When you are in the midst of a divorce, your conduct is under a metaphorical microscope. Any behavior that seems inappropriate or counter to what you have said during the proceedings could hurt your prospects of obtaining reasonable arrangements when it comes to parenting time, child support, spousal support, property division, etc.

Electronic forms of communication, such as social media, email and texting, are ubiquitous in today’s world. However, they can be extremely damaging to your divorce case. It is best to stop using them entirely until divorce finalization. Read on to find out why.
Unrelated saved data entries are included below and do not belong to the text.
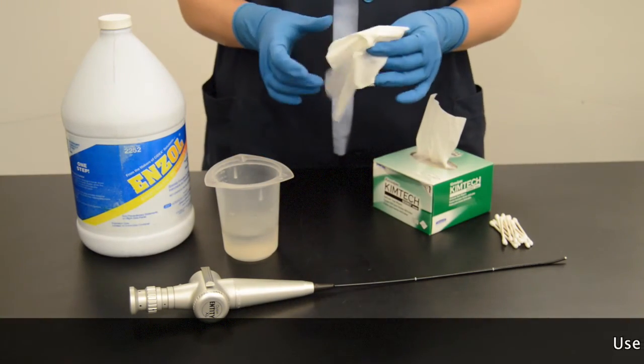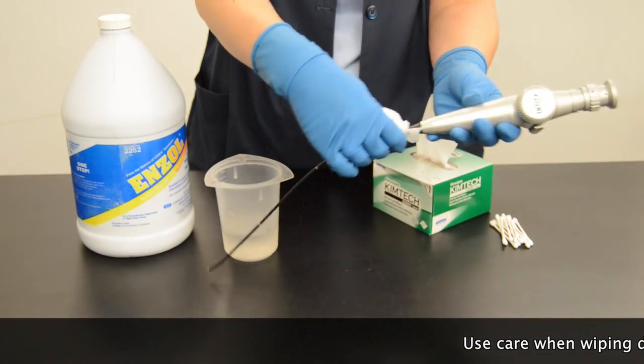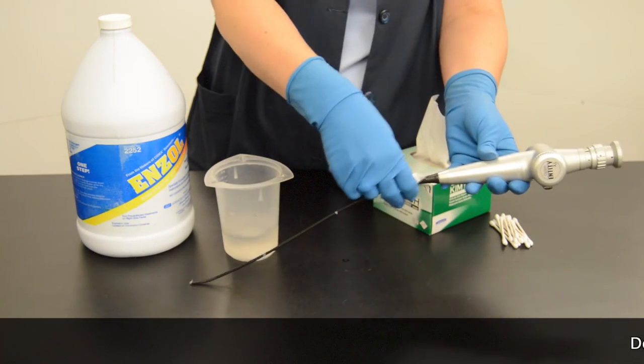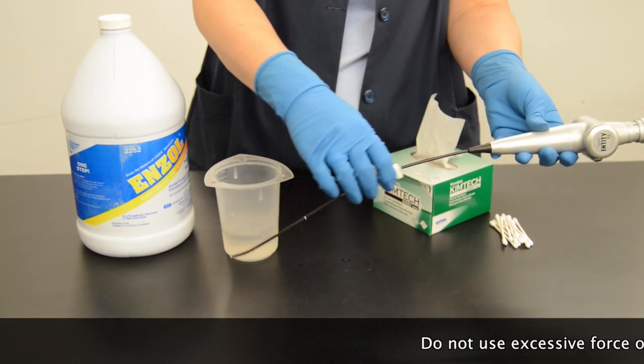Optum recommends the endoscope be pre-cleaned immediately after every patient procedure. This will prevent patient material from adhering to the endoscope. Dried material is difficult to remove and can render the disinfection or sterilization process ineffective.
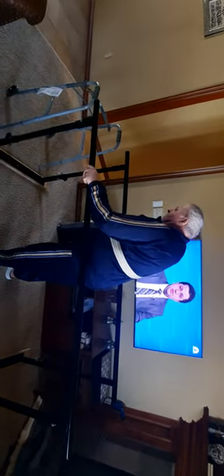So he's watching TV and doing the exercises. Now he's going to walk on the walker, transitioning from the parallel bars to the walker.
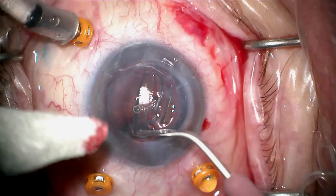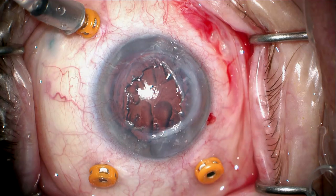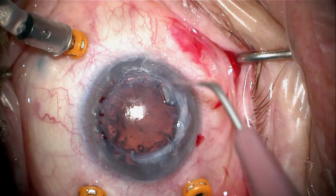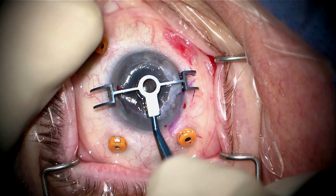Now we're going to scrape the cornea and remove the epithelium to give myself a better view. I could have done this earlier in the procedure, but I thought my view was good enough. For the YAMANI portion of the procedure, I really want to maximize my view.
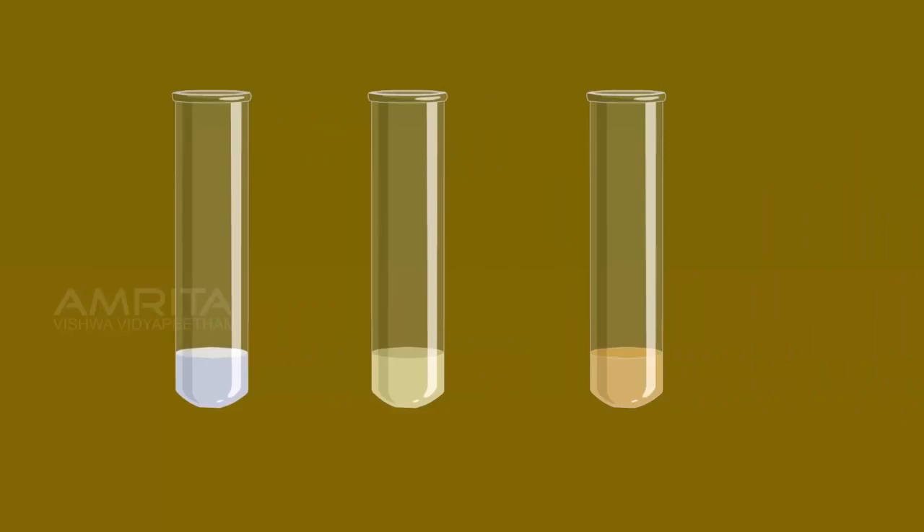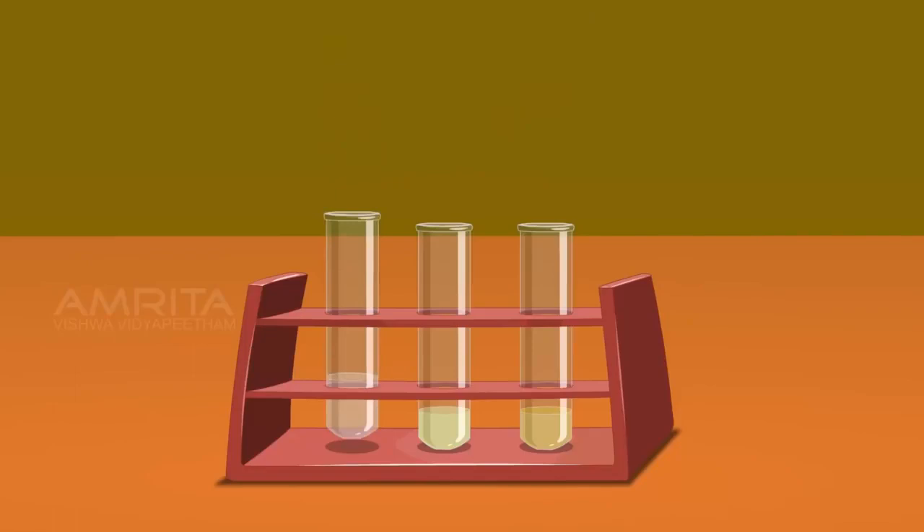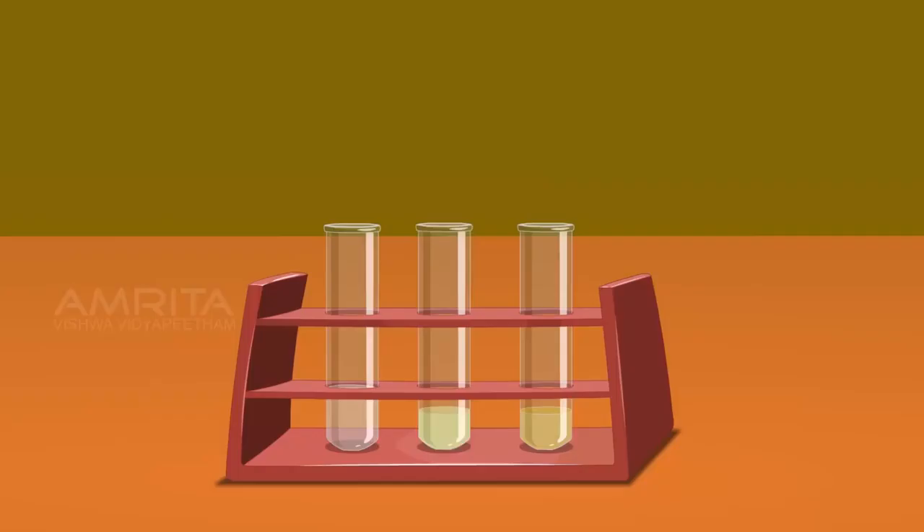Take ammonium hydroxide solution using another dropper. Take the test tube containing the white precipitate of silver chloride and add excess ammonium hydroxide into it, then shake the test tube well. Silver chloride is soluble in excess ammonium hydroxide due to the formation of a soluble silver complex. Similarly, take the test tube containing the pale yellow precipitate of silver bromide, add excess ammonium hydroxide and shake well. Silver bromide is sparingly soluble in excess ammonium hydroxide.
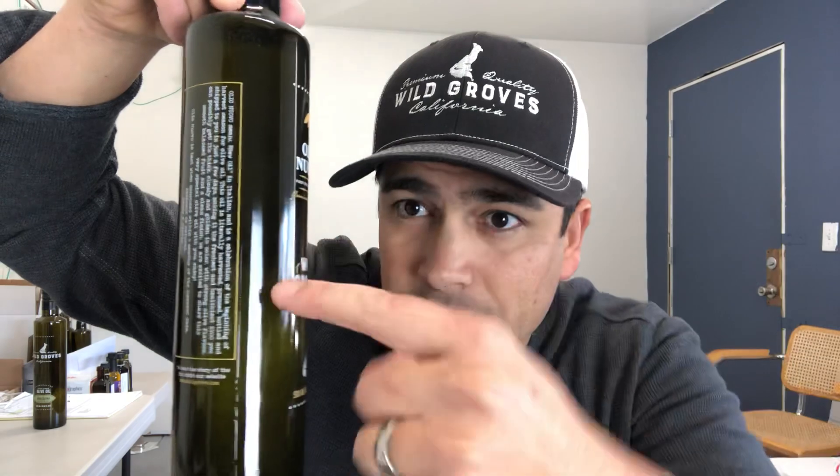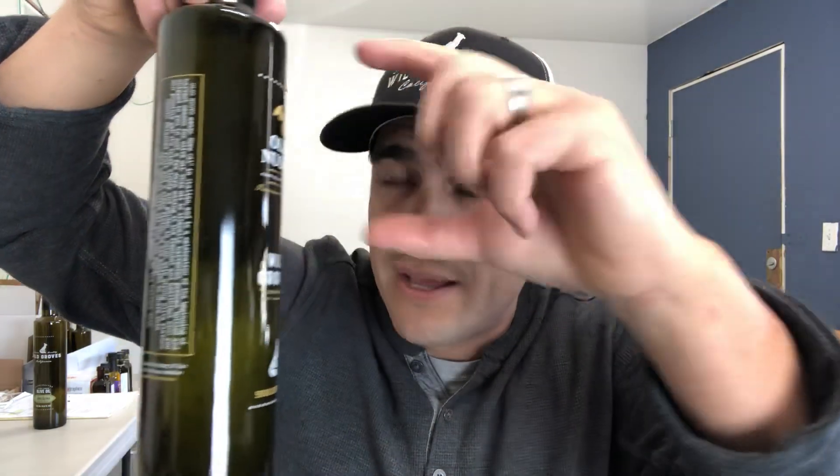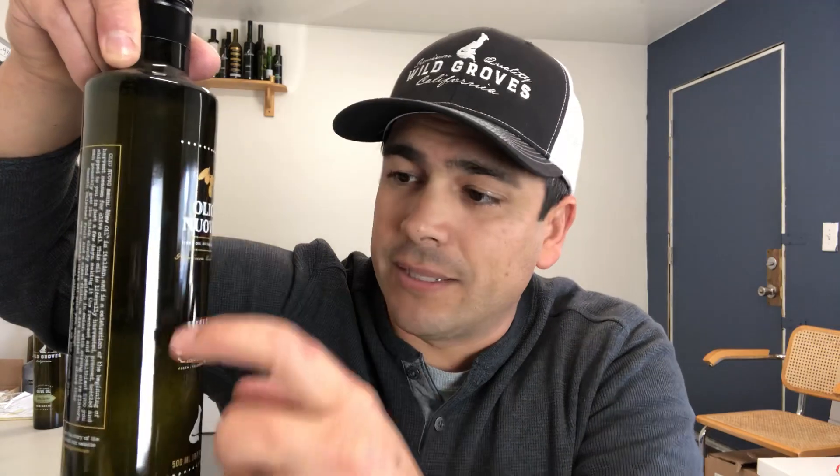When olive oil becomes solid, it turns white. Here's another example where it got cold — you can barely see, but there are little particulates, and you can see from here down it's all solids. These little solidified pieces will start to attach themselves to the inside of the bottle, or they'll become bigger pieces and float around in the olive oil. People will question, 'What's going on with my olive oil? There's stuff floating around!' This is completely natural.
Creating an electronic paper trail

Once you send a message out into the ether of the internet, you can no longer control what happens to it or who sees it. Even if you send something that is supposed to remain private, you cannot count on it remaining so. Furthermore, every message that you send, including texts, emails and social media posts, contains identifying information that can trace it back to you. In other words, the private venting that you do about your future ex-spouse, details of an extramarital affair, etc., may come back to haunt you in divorce court.

Tagging

Even if you can resist the temptation to stop using social media during your divorce, you cannot stop other people from tagging you in photographs. That means that your ex and his/her attorney can see what you have been up to. Whether it involves drinking when you are with the kids or taking a vacation when you are short on child support, your ex’s attorney can use the tags to find out and use the information against you.

Protecting yourself

Though it may seem extreme, the best thing to do is to delete all your social media accounts for the duration of the divorce proceedings. That way, you will not fall victim to the temptation to post something you may regret later, and other people will not be able to tag you in photographs that seem to compromise your position. If you wish to make a thorough job of it, you may take the additional step of removing any nonessential email or texting capabilities from your phone.